Report each line of the records below that uses the word "Mercedes".

Stored items from a collection
--- START ---
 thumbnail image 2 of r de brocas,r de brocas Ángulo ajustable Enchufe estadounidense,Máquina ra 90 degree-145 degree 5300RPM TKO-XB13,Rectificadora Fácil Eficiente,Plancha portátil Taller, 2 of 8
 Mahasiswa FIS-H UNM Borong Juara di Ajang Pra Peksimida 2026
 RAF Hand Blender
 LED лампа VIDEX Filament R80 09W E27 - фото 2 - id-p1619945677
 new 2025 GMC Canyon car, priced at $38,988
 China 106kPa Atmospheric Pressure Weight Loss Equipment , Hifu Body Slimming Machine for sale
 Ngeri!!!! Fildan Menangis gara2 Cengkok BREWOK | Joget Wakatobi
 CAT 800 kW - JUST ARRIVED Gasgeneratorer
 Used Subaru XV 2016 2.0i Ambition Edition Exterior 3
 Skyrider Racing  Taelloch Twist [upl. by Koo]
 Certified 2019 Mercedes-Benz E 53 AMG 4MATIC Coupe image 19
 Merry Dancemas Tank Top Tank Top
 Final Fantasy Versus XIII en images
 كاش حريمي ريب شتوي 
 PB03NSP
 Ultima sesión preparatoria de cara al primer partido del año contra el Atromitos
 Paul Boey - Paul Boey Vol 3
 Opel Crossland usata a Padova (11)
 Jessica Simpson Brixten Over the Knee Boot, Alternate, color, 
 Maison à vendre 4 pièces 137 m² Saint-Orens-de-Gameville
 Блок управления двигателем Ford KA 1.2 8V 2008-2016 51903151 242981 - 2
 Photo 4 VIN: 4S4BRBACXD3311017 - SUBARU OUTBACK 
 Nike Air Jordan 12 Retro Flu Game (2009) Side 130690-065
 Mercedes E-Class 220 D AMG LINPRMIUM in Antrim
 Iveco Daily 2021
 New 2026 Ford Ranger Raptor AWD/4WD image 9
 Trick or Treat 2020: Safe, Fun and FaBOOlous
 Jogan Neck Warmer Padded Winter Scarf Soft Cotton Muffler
--- END ---
Answer to this problem:
 Certified 2019 Mercedes-Benz E 53 AMG 4MATIC Coupe image 19
 Mercedes E-Class 220 D AMG LINPRMIUM in Antrim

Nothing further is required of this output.